--- TASK INPUTS ---
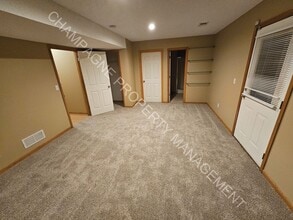6524 NE 44th St in Kansas City, MO - Building Photo - Building Photo
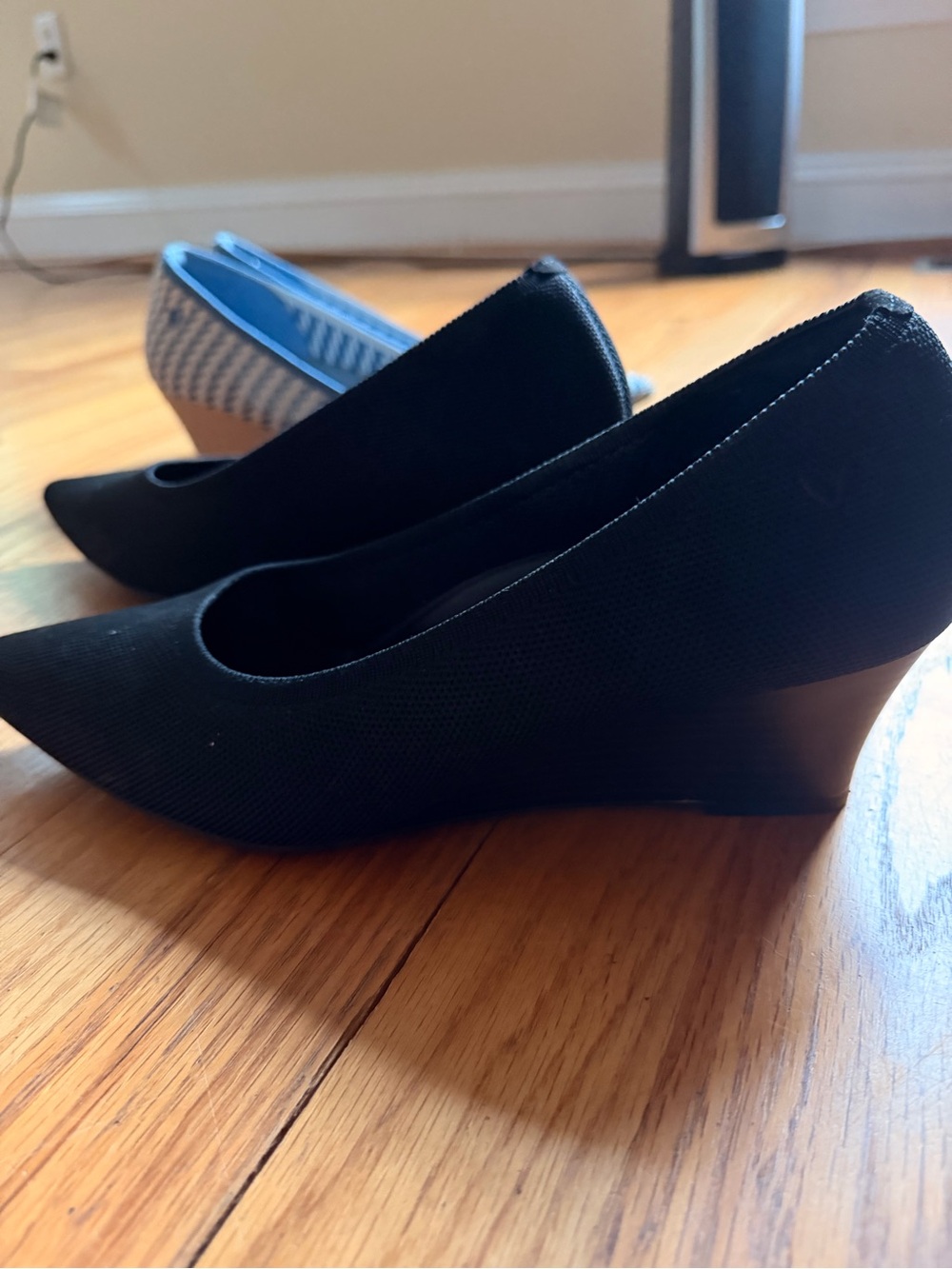 Vivaia Pointed-Toe Wedge Heels Bundle (2 Pairs) - Size 40 - Picture 4 of 8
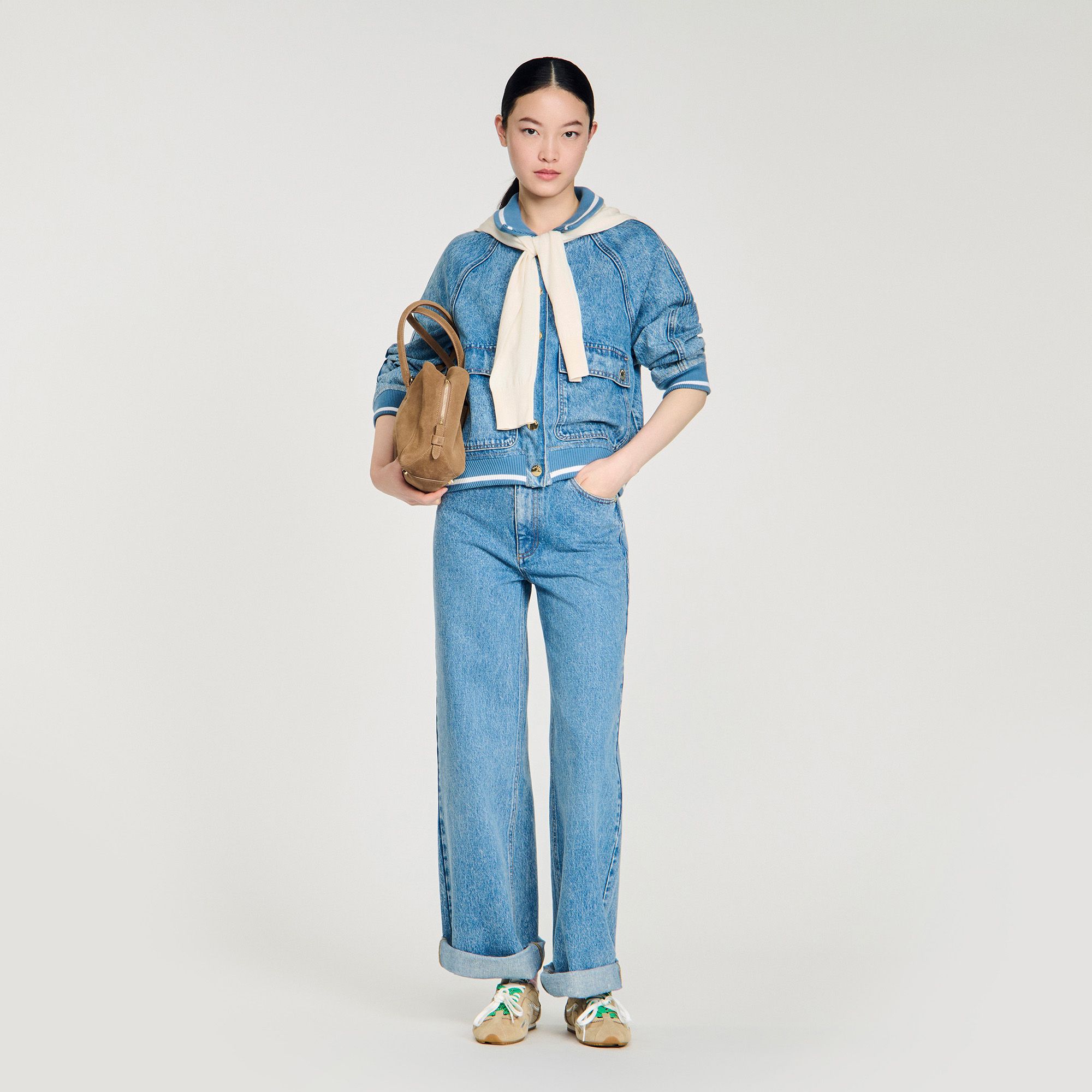 Quần jeans ống đứng ống rộng phai màu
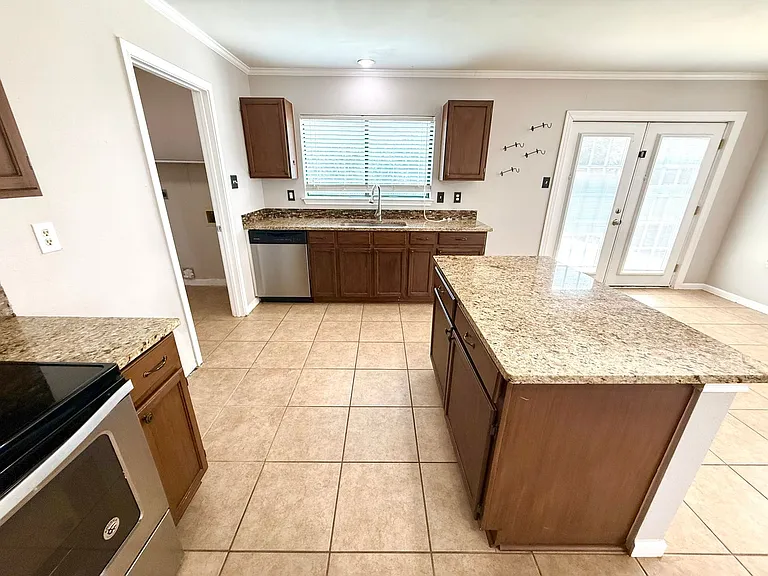 1530 Richland Hills Dr — Photo 11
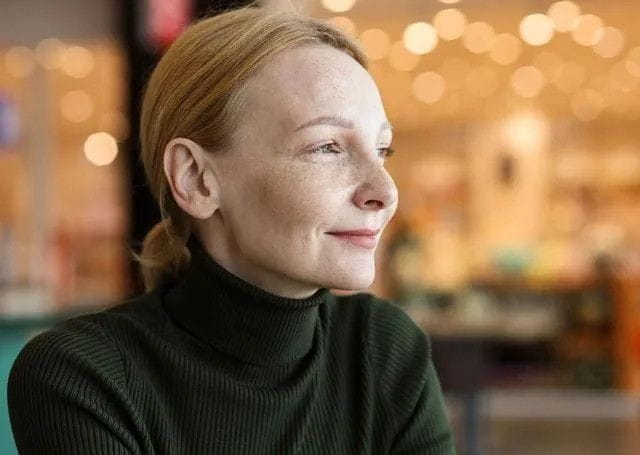 mulher idosa sorrindo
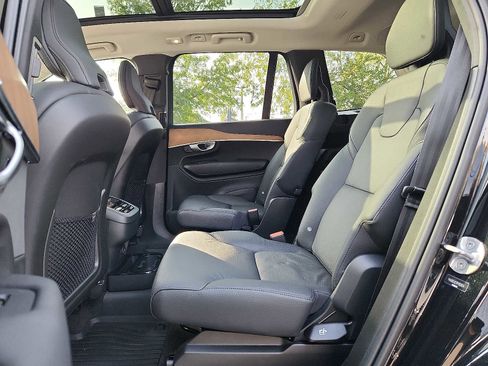 Certified 2024 Volvo XC90 B6 Plus w/ Protection Package Premier image 10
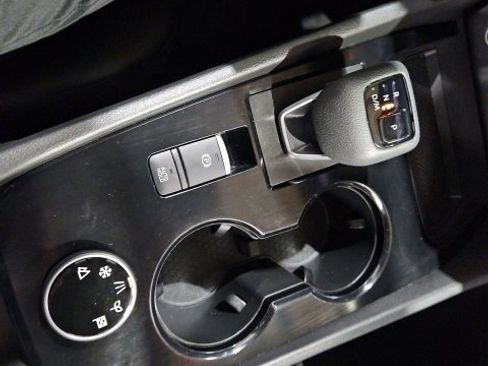 Certified 2021 Nissan Rogue SV w/ Premium Package image 27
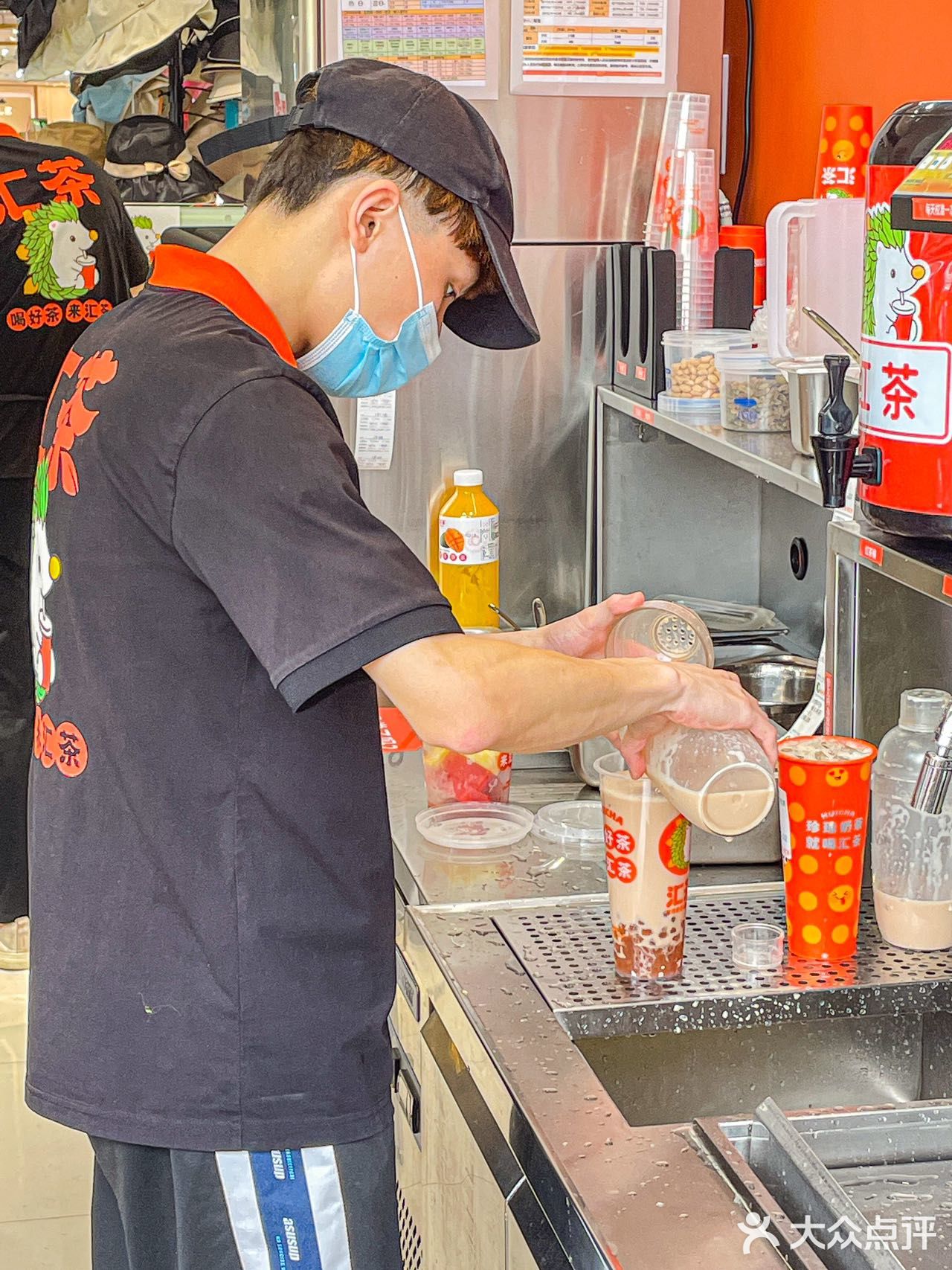 真是离了个大谱，这奶茶真的好喝到爆炸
---
In your copy, include no pictures, but set down every record exactly.

- **RESPONSE FOR THIS EXERCISE**:
6524 NE 44th St in Kansas City, MO - Building Photo - Building Photo
 Vivaia Pointed-Toe Wedge Heels Bundle (2 Pairs) - Size 40 - Picture 4 of 8
 Quần jeans ống đứng ống rộng phai màu
 1530 Richland Hills Dr — Photo 11
 mulher idosa sorrindo
 Certified 2024 Volvo XC90 B6 Plus w/ Protection Package Premier image 10
 Certified 2021 Nissan Rogue SV w/ Premium Package image 27
 真是离了个大谱，这奶茶真的好喝到爆炸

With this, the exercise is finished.